I'd like continue and add logging to other packages, fs-routes to start with, so here's a new PR #363
Safe to close now that #61 is merged @mbsimonovic @jsdevel?
@elyobo almost. we have a few more packages that need to accept the logger. cc @mbsimonovic
ah sorry, didn't realise there was more work to do. so what's missing?
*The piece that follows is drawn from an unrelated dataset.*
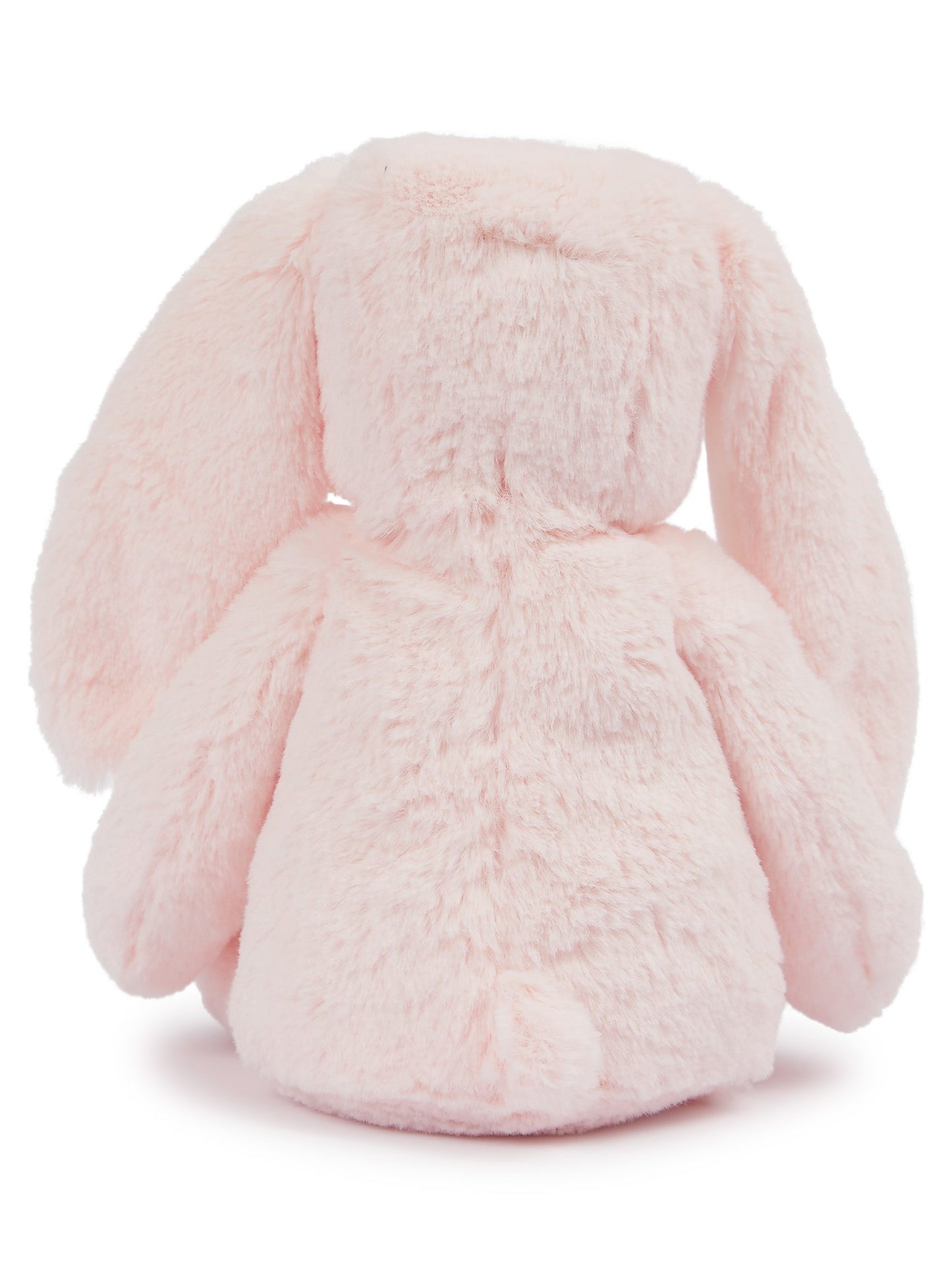 Farbiger Hase mit Druck in den Ohren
A naive look doesn't show much
~/src/open-api(master)$ ag --ts --js console\\. packages/ | grep -v test
packages/fetch-openapi/bin/fetch-openapi.js:112:  console.error(chalk.red(LOG_PREFIX) + msg);
packages/fetch-openapi/bin/fetch-openapi.js:122:    console.error(chalk.gray(LOG_PREFIX) + msg);
packages/fetch-openapi/bin/fetch-openapi.js:127:  console.log(chalk.green(LOG_PREFIX) + msg);
packages/openapi-framework/src/types.ts:20:   * `console.debug` is just an alias for `.log()`, and we want debug logging to be optional.
packages/openapi-framework/src/types.ts:28:    console.error(message, ...optionalParams);
packages/openapi-framework/src/types.ts:32:    console.info(message, ...optionalParams);
packages/openapi-framework/src/types.ts:36:    console.trace(message, ...optionalParams);
packages/openapi-framework/src/types.ts:40:    console.warn(message, ...optionalParams);
packages/openapi-security-handler/index.ts:77:              console.warn(
The ones in types.ts are the adapter for the console, so it's appropriate there anyway.  The fetch-openapi.js is a CLI tool, so also seems fine.  That only leaves the openapi-security-handler/index.ts it seems?
Perhaps also reenable the noConsole rule in tslint.json and disable it for the few specific cases that it is known to be wanted to prevent it creeping back in.